Make an exact copy of the listing so that no picture is carried over.

──────────

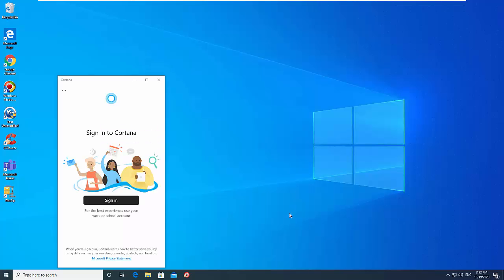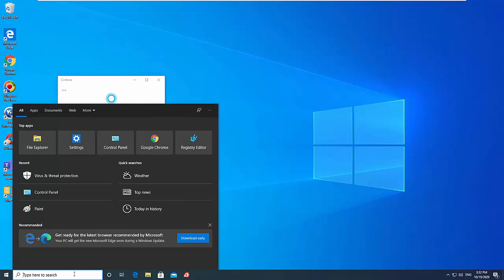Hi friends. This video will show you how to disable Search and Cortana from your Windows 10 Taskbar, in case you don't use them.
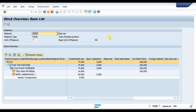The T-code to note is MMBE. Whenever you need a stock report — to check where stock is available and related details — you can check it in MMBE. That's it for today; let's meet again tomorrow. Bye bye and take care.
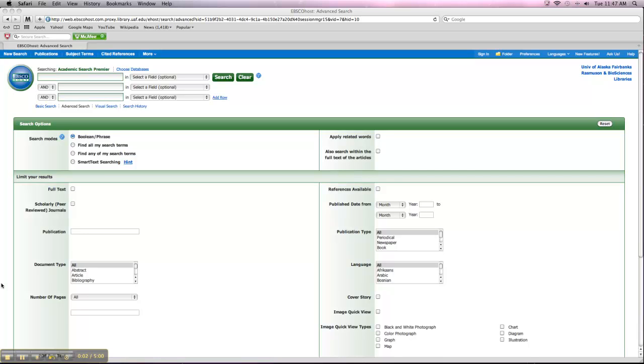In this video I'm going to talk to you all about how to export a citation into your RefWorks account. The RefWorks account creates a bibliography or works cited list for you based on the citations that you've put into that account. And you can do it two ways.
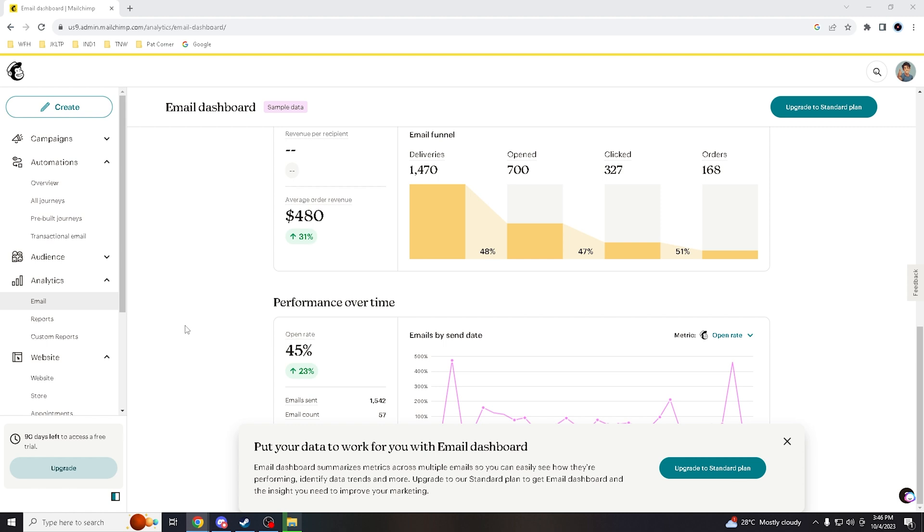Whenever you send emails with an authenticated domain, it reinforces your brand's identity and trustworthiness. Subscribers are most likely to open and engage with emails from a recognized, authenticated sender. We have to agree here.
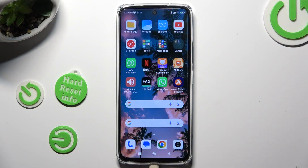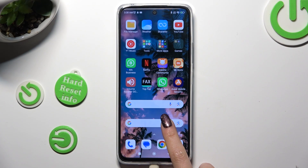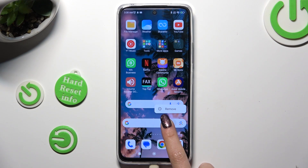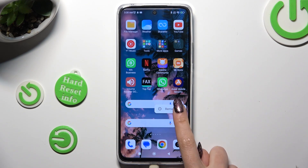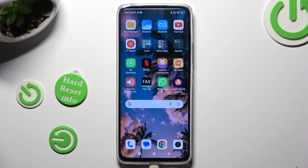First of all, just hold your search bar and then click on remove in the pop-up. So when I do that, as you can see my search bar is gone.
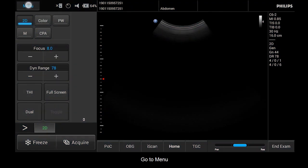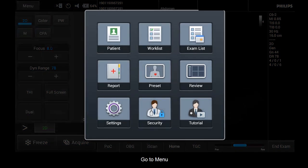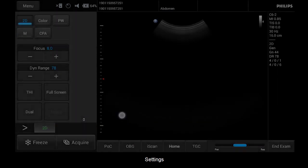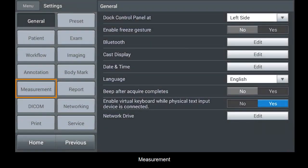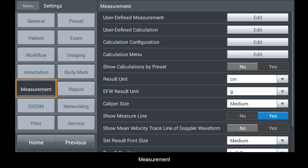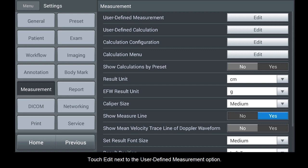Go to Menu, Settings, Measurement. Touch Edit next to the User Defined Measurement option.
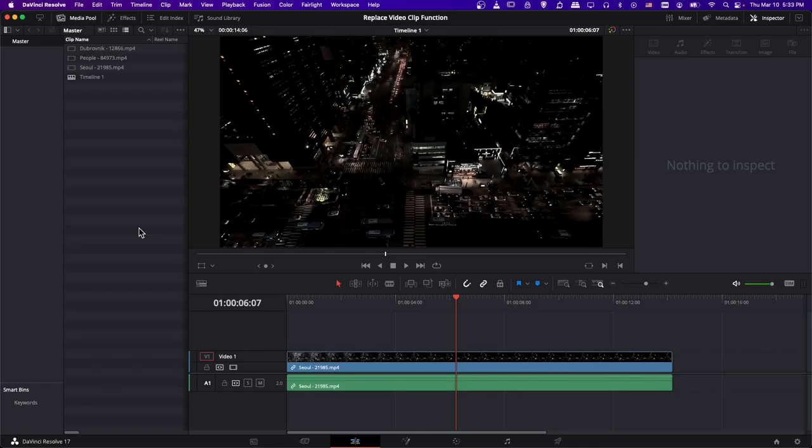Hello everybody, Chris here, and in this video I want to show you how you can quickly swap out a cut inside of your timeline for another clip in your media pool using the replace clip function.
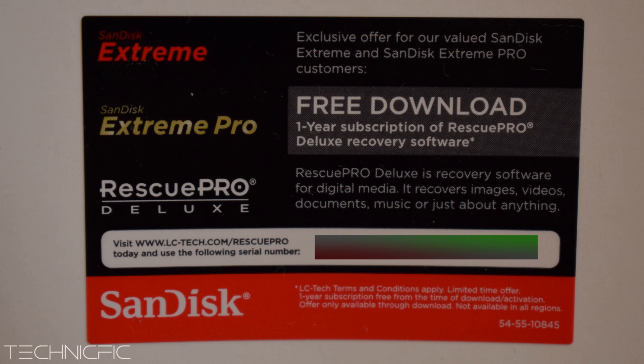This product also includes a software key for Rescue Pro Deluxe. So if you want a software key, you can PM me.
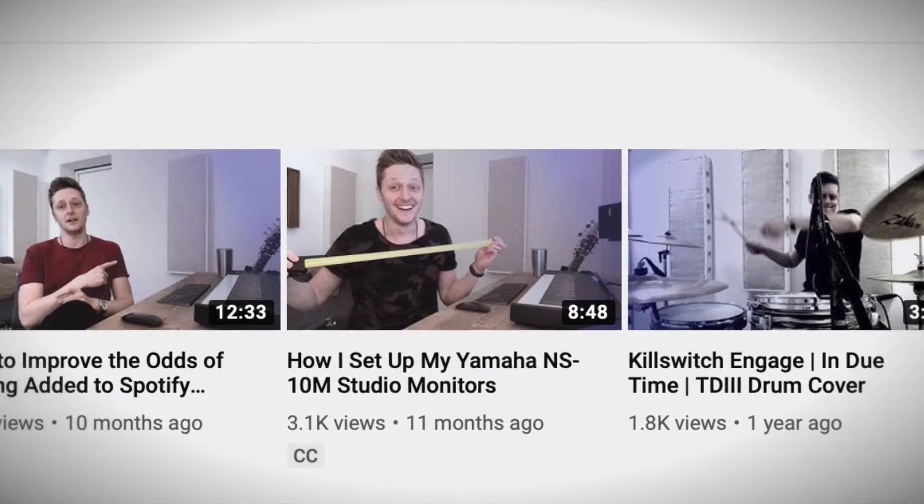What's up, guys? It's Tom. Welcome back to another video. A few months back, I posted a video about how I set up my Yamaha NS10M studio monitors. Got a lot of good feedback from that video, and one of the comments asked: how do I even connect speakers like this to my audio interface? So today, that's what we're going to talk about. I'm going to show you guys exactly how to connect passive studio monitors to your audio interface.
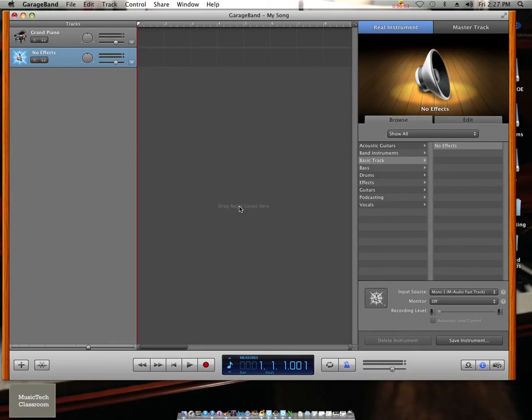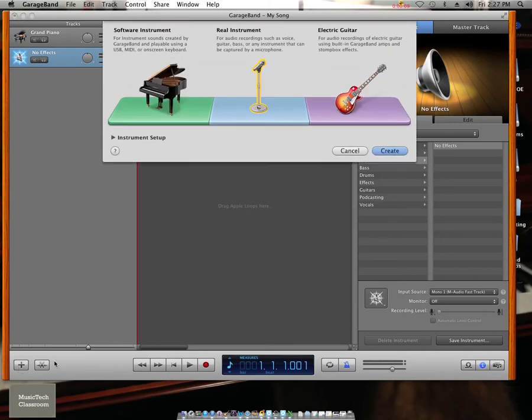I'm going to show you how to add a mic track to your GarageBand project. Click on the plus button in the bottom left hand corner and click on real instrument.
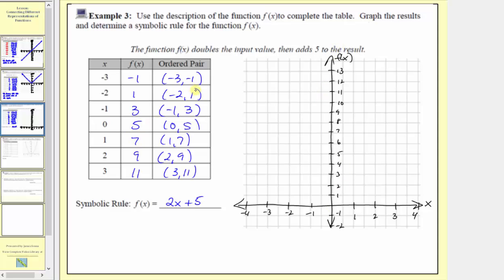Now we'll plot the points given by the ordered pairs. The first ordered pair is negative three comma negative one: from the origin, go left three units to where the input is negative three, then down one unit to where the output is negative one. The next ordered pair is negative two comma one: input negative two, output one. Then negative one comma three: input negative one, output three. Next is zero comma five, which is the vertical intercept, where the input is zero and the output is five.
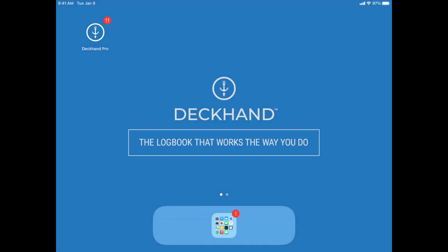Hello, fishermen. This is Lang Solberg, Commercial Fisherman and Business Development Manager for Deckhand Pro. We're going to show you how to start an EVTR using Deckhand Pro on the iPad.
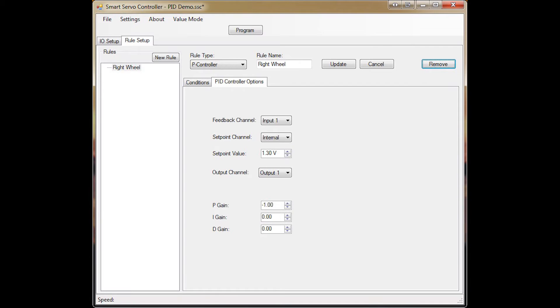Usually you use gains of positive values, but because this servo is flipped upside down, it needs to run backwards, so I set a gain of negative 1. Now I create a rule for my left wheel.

──────────

> _Response_
Hi friends. This video will show you how to disable Search and Cortana from your Windows 10 Taskbar, in case you don't use them.
The T-code to note is MMBE. Whenever you need a stock report — to check where stock is available and related details — you can check it in MMBE. That's it for today; let's meet again tomorrow. Bye bye and take care.
In this video I'm going to talk to you all about how to export a citation into your RefWorks account. The RefWorks account creates a bibliography or works cited list for you based on the citations that you've put into that account. And you can do it two ways.
Whenever you send emails with an authenticated domain, it reinforces your brand's identity and trustworthiness. Subscribers are most likely to open and engage with emails from a recognized, authenticated sender. We have to agree here.
First of all, just hold your search bar and then click on remove in the pop-up. So when I do that, as you can see my search bar is gone.
Go to Menu, Settings, Measurement. Touch Edit next to the User Defined Measurement option.
Hello everybody, Chris here, and in this video I want to show you how you can quickly swap out a cut inside of your timeline for another clip in your media pool using the replace clip function.
This product also includes a software key for Rescue Pro Deluxe. So if you want a software key, you can PM me.
What's up, guys? It's Tom. Welcome back to another video. A few months back, I posted a video about how I set up my Yamaha NS10M studio monitors. Got a lot of good feedback from that video, and one of the comments asked: how do I even connect speakers like this to my audio interface? So today, that's what we're going to talk about. I'm going to show you guys exactly how to connect passive studio monitors to your audio interface.
I'm going to show you how to add a mic track to your GarageBand project. Click on the plus button in the bottom left hand corner and click on real instrument.
Now we'll plot the points given by the ordered pairs. The first ordered pair is negative three comma negative one: from the origin, go left three units to where the input is negative three, then down one unit to where the output is negative one. The next ordered pair is negative two comma one: input negative two, output one. Then negative one comma three: input negative one, output three. Next is zero comma five, which is the vertical intercept, where the input is zero and the output is five.
Hello, fishermen. This is Lang Solberg, Commercial Fisherman and Business Development Manager for Deckhand Pro. We're going to show you how to start an EVTR using Deckhand Pro on the iPad.
Usually you use gains of positive values, but because this servo is flipped upside down, it needs to run backwards, so I set a gain of negative 1. Now I create a rule for my left wheel.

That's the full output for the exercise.